Introduction
Dengue
Virus serotype 2(DENV-2) is one of the four serotypes of the
arthropod borne viruses (arbovirus) that belongs to the Flaviridae
family. As the other serotypes, it is responsible for causing Dengue
fever and severe Dengue. The genome is formed by a single stranded
positive-sense RNA of approximately 11kb long. This viral RNA serves
as an mRNA for the translation of 10 viral proteins: 3
structural(Capside C, Membrane precursor preM, Envelope E), that
assemble the nucleocapside and envelope of mature virions; and 7
non-structural(NS1, NS2a, NS2b, NS3, NS4a, NS4B, NS5), which are
mainly responsible for viral replication and other cell functions.
Due
to its considerable diversity, DENV-2, has been grouped into 6
lineages, designated as genotypes (Rico-hesse et al., 1997, 1998; S
Susanna Twiddy et al., 2002). 1.) Asian I genotype, represents
strains from Thailand, Malaysia, Cambodia, Myanmar, Vietnam and
Australia. 2.) Asian II, represents strains from China, Indonesia,
The Philippines, Taiwan, Sri Lanka, India, Honduras and Mexico. 3.)

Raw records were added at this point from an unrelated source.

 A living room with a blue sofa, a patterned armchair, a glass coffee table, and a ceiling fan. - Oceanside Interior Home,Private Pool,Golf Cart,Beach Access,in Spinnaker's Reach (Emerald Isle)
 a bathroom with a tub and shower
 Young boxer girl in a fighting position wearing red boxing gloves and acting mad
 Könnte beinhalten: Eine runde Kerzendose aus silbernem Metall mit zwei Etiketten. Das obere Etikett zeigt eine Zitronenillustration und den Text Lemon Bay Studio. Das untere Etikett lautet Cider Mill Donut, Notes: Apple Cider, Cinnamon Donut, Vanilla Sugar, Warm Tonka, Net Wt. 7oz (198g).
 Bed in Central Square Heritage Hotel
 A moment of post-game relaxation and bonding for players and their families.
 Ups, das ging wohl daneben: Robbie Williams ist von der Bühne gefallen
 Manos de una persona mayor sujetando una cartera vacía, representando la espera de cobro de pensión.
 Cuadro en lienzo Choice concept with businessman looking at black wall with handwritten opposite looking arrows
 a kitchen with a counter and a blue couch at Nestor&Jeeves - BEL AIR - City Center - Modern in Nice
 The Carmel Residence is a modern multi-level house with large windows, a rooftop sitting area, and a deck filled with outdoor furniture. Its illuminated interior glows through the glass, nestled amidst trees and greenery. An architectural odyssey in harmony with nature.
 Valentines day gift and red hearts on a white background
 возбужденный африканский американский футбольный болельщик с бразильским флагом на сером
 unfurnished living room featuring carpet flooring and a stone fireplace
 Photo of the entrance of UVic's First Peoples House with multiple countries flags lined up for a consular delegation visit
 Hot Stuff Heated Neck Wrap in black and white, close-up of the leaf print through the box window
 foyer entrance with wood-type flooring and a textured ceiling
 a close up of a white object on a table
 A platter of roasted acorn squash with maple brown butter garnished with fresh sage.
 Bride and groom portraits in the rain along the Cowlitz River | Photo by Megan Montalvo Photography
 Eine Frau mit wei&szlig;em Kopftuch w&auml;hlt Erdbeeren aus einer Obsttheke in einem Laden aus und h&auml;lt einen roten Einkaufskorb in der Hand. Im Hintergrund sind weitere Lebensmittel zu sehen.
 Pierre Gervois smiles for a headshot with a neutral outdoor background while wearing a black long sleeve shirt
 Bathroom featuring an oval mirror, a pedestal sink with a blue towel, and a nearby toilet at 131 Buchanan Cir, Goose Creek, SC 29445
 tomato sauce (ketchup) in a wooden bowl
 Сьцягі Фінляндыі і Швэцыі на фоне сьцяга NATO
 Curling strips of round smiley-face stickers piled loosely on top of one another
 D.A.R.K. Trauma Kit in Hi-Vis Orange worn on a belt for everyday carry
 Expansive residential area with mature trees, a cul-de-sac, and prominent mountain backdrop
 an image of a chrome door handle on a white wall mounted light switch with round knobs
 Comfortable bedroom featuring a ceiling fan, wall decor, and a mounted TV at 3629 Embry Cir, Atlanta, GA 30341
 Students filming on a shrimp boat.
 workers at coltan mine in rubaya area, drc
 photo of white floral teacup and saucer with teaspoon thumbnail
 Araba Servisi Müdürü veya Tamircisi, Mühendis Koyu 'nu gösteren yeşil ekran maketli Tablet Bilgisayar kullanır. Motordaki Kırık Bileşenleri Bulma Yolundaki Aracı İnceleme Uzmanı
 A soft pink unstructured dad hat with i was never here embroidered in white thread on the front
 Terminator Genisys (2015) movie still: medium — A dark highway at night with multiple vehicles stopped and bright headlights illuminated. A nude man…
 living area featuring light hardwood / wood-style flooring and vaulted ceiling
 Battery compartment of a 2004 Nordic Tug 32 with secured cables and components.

Southeast (SE) Asian/American genotype comprises all strains from
Southeast Asia, and strains collected in Central and South America
and the Caribbean over the last 30 years. 4.) The Cosmopolitan
genotype, represents strains distributed in a wide geographic area,
including East and West Africa, the Middle East, the Indian
subcontinent, Indian and Pacific Ocean Islands and Australia. 5.)
American genotype, representing strains from Central and South
America, the Caribbean and older strains collected in the Indian
subcontinent and the Pacific Islands. Lastly, there is the Sylvatic
genotype, representing strains from humans, canopy-dwelling arboreal
mosquitoes, and non-human primates collected in West Africa and
Southeast Asia. Moreover, the great genetic diversity within the
DENV-2 genotypes, reflect their continual divergence and diverse
geographic distribution (Chen & Vasilakis, 2011).
Several
studies have been aimed at understanding the epidemiology of DENV,
rates and dates of evolution, and selection pressure in its different
genes and genotypes (Rico-hesse & Rico-hesse, 1990;
Rico-Hesse et al., 1997; S. S. Twiddy, Holmes, & Rambaut, 2003;
Weaver & Vasilakis, 2009; Zanotto, Gould, Gao, Harvey, &
Holmes, 1996). Further, a relatively recent review (Chen
& Vasilakis, 2011) reports large scale phylogenetic studies of
all dengue serotypes and discusses how factors such as rates of
evolution, selection pressures, population sizes and evolutionary
constraints influences DENV transmission, pathogenesis and emergence.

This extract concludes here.